# Pureftpd and awstats

## ColeSlaw

I've installed awstats on my home server and it works perfectly for my webpage.  I saw on the AWStats page that it also supports FTP servers, but I'm having a hard time configuring mine to read the stats off my pureftpd server.  If anybody knows how to set this up I would appreciate it.  I've installed pureftp and awstats both from portage.

Thanks for any help that you can provide!

----------

## SilverOne

Ok, I know it's a little late for a response   :Wink: 

But I've been struggling with this as well, and I got a sort of working configuration.

The steps I took are in short:

- let pure-ftpd log with the CLF log format, using the -O option in it's startup:  -O clf:/var/log/pure-ftpd

- create a new awstats configuration:  cp /etc/awstats.model.conf /etc/awstats.pure-ftpd.conf

- set the settings as you'd like (and see HERE for general awstats FTP settings )

- set the logformat parameter to:  LogFormat="%host %other %logname %time1 %methodurlnoprot %code %bytesd"

Then run the statistics as usual...

Notes:

- I only run one server (i.e. no ftp virtual hosts)

- Right now it does not log uploads different from downloads (the log file is ok, but the statistics just adds them up).  Anyone have an idea to fix that?

- It groups totals by host, by user, by file giving a decent overview.
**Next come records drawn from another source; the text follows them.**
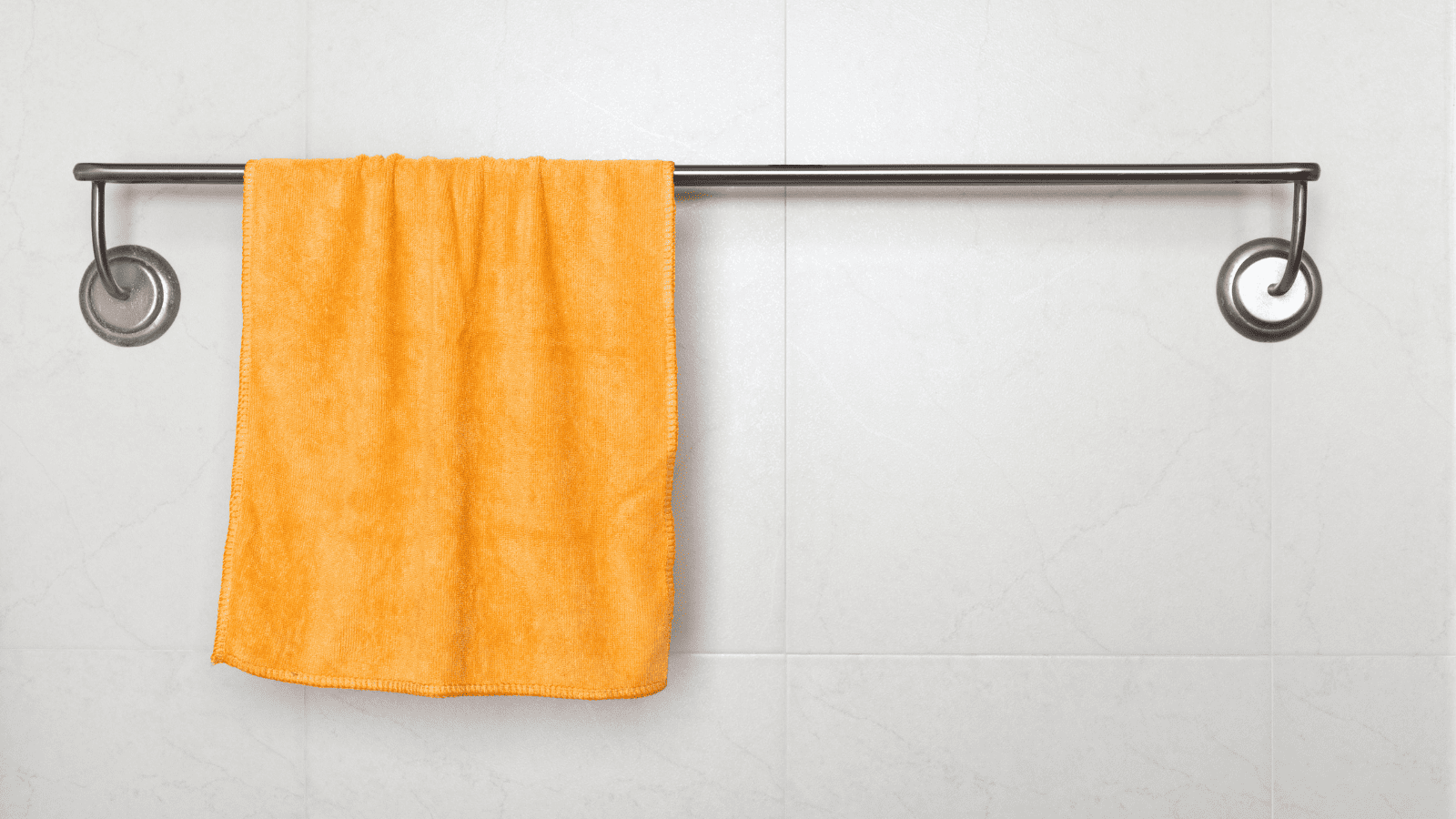 Microfiber towel hanging on rack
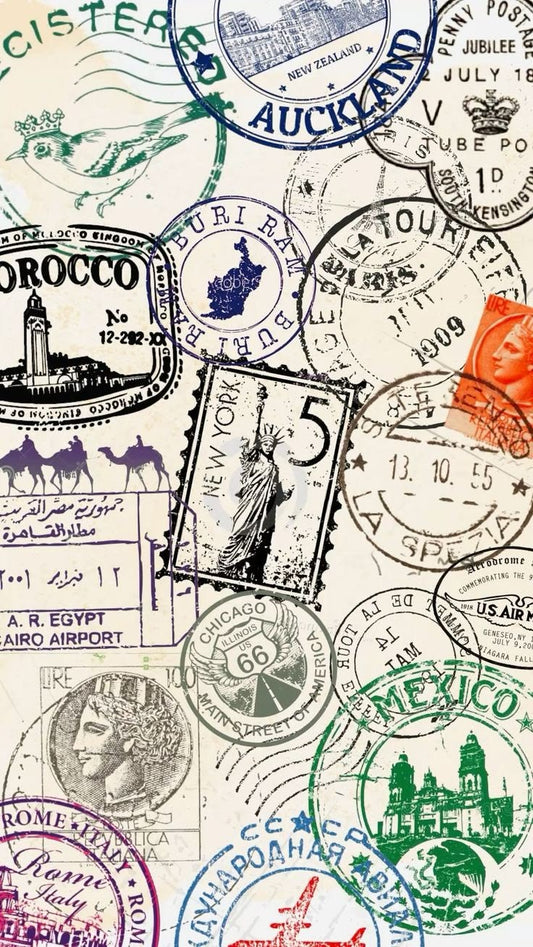World Travel Stamps Poster
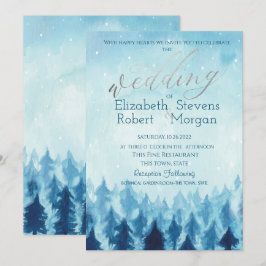 Elegant Stilvoll Blauwald Pine Trees Wedding Einladung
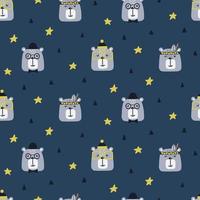 Cute bears with different decorative element. Seamless scandinavian pattern. Vector wallpaper. Good for print.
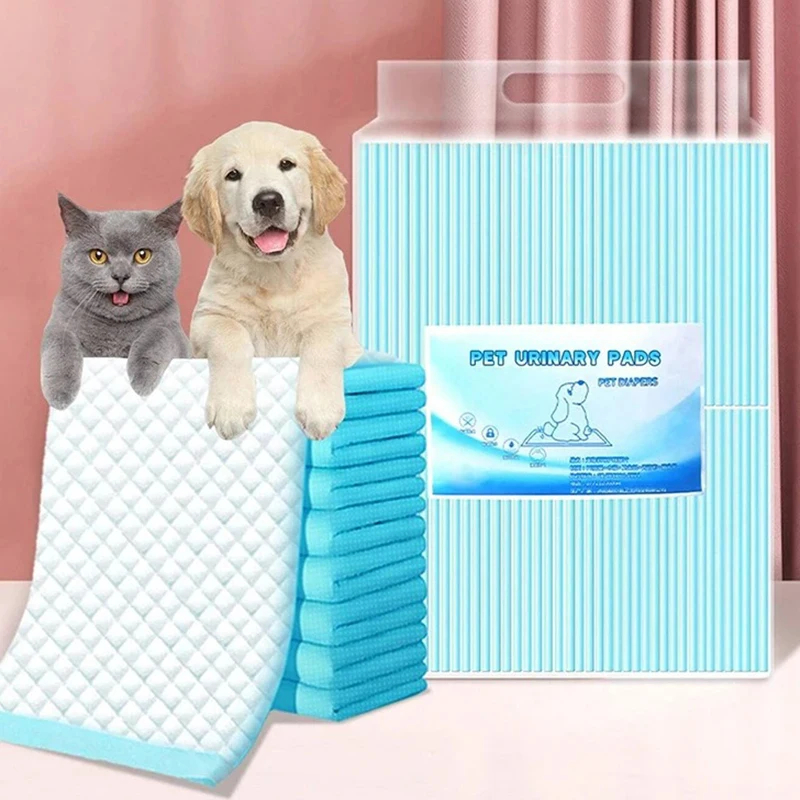 100PCS Disposable Absorbent Pet Diapers Dog Training Pee Pad Cats Puppy Quick Dry Surface Breathable Nappy Care Mat Pet Supplies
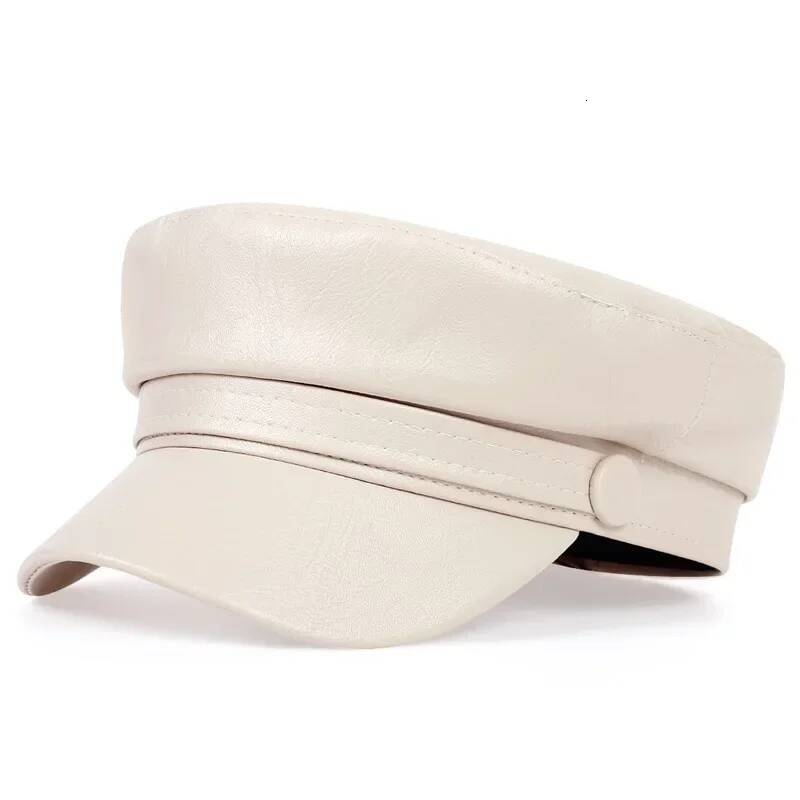 Ladies New Trendy Casual Pu Leather Flat Top Beret Women Men Octagon Hat Hot Sale ddmythur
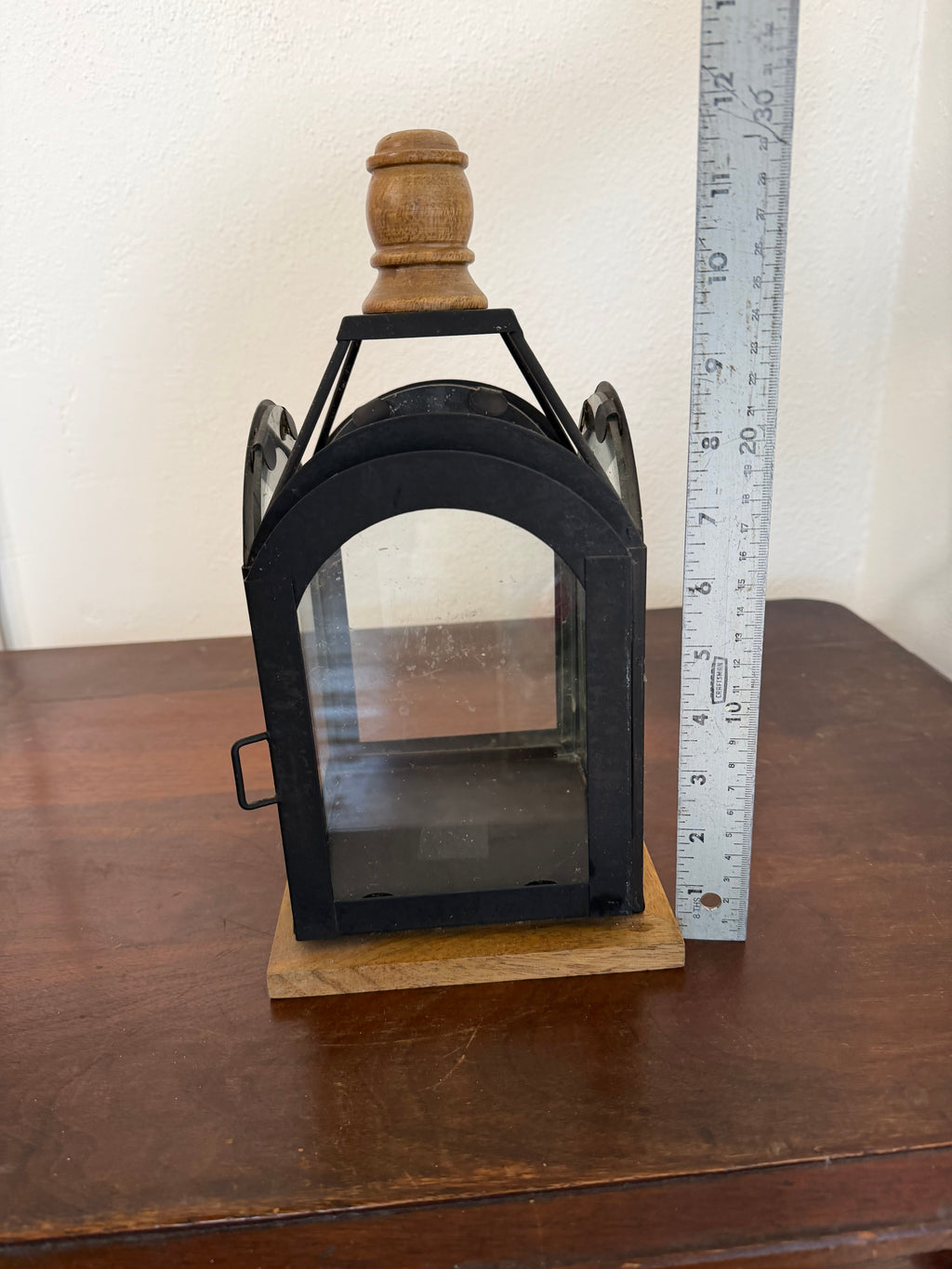 Glass and Metal Lantern with wood finial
- the pure-ftpd manual recommends the "stats" logfile type.  Awstats does not support this, nor do I think it recognizes the W3C format (time parameter is wrong).  Since xferlog is supposed to be broken, I chose CLF

- If you have several different statistics files (awstats.XXXX.conf) THIS helps keep track of them.

Hope this helps somebody.

----------